Qadian is a village in Jalandhar district of Punjab State, India. It is located 7.2 km from postal head office in Bilga, 15.9 km from Phillaur, 50.3 km from district headquarter Jalandhar and 126 km from state capital Chandigarh. The village is administrated by a sarpanch who is an elected representative of village as per Panchayati raj (India).

== Demography ==
As of 2011, Qadian has a total number of 65 houses and a population of 346 of which include 195 are males while 155 are females according to the report published by Census India in 2011. The literacy rate of the village is 79.37%, higher than state average of 75.84%. The population of children under the age of 6 years is 31 which is 8.96% of total population of the village, and child sex ratio is approximately 550 lower than state average of 846.

Most of the people are from Schedule Caste which constitutes 47.40% of total population in the village. The town does not have any Schedule Tribe population so far.

As per census 2011, 117 people were engaged in work activities out of the total population of the village which includes 114 males and 3 females.
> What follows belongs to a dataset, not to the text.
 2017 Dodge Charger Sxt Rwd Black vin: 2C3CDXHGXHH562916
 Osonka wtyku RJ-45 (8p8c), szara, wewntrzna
According to census survey report 2011, 100% workers describe their work as main work and 0% workers are involved in marginal activity providing livelihood for less than 6 months.

== Transport ==
Partabpura railway station is the nearest train station however, Phillaur Junction train station is 15.3 km away from the village. The village is 44.2 km away from domestic airport in Ludhiana and the nearest international airport is located in Chandigarh also Sri Guru Ram Dass Jee International Airport is the second nearest airport which is 140 km away in Amritsar.